--- START ---
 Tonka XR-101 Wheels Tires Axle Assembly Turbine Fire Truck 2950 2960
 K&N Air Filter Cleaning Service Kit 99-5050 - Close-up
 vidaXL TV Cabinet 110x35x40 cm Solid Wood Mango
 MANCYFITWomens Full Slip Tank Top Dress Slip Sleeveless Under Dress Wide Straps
--- END ---
--- START ---
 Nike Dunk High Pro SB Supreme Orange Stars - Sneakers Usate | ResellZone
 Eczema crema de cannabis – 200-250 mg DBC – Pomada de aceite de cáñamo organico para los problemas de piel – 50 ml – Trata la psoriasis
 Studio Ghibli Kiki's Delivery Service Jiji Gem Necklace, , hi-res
--- END ---
--- START ---
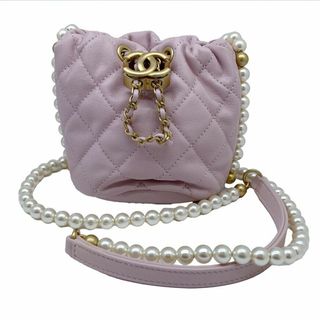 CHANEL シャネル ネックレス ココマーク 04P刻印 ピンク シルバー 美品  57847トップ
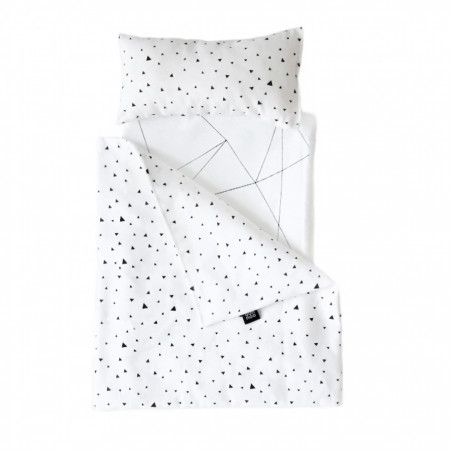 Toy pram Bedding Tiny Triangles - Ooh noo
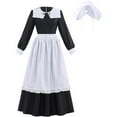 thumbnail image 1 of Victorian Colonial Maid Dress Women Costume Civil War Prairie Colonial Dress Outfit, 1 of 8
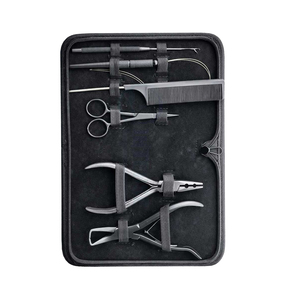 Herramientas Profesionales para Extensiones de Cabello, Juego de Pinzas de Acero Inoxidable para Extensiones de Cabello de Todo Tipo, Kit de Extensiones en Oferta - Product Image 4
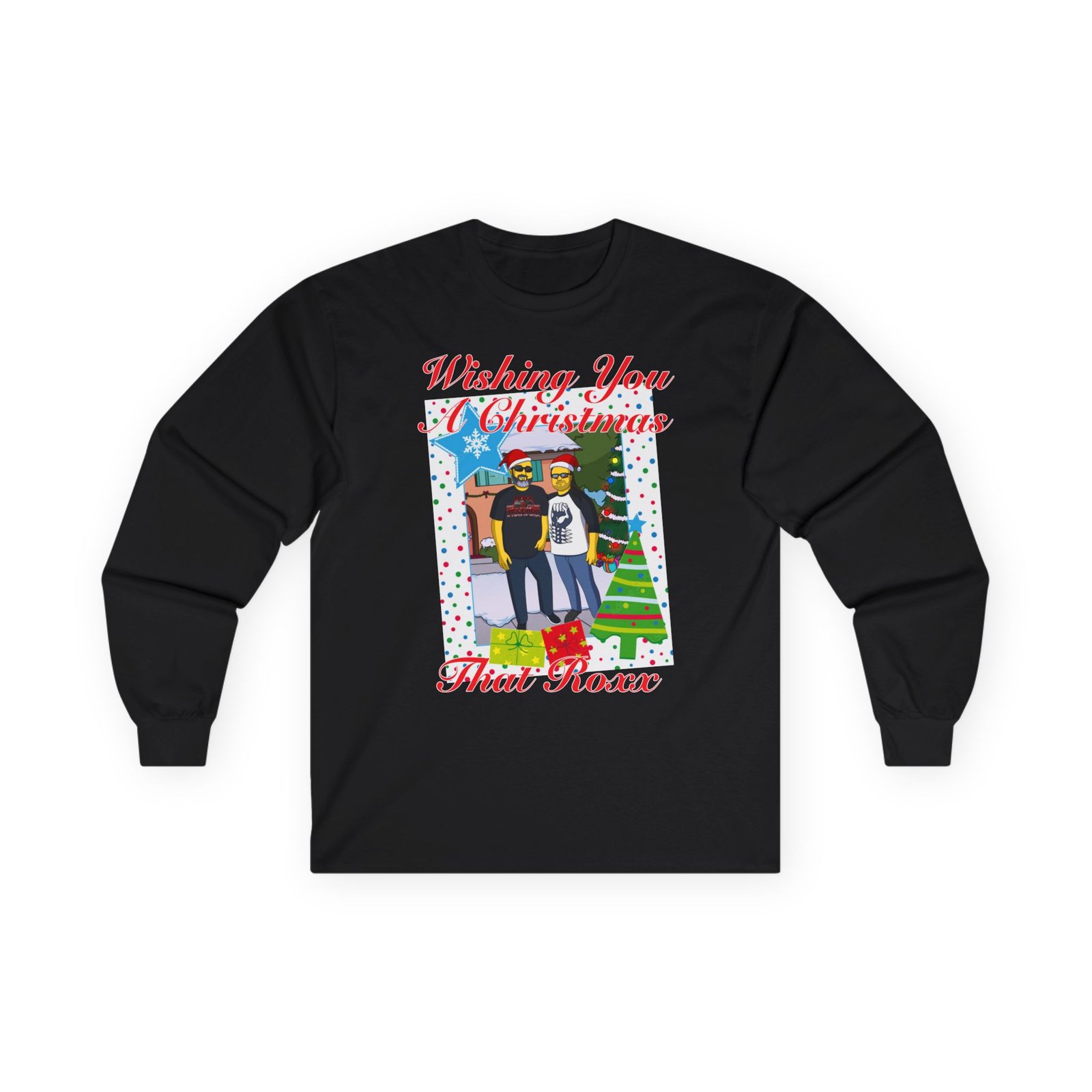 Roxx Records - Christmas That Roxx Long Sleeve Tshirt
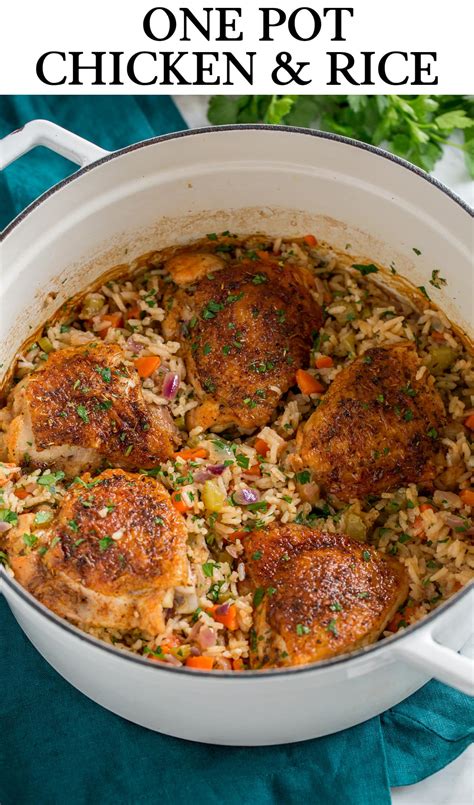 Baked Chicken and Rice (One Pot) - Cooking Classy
--- END ---
Scan the records for the string "Service" and show every line that contains it.

> **Reply to the exercise**:
 K&N Air Filter Cleaning Service Kit 99-5050 - Close-up
 Studio Ghibli Kiki's Delivery Service Jiji Gem Necklace, , hi-res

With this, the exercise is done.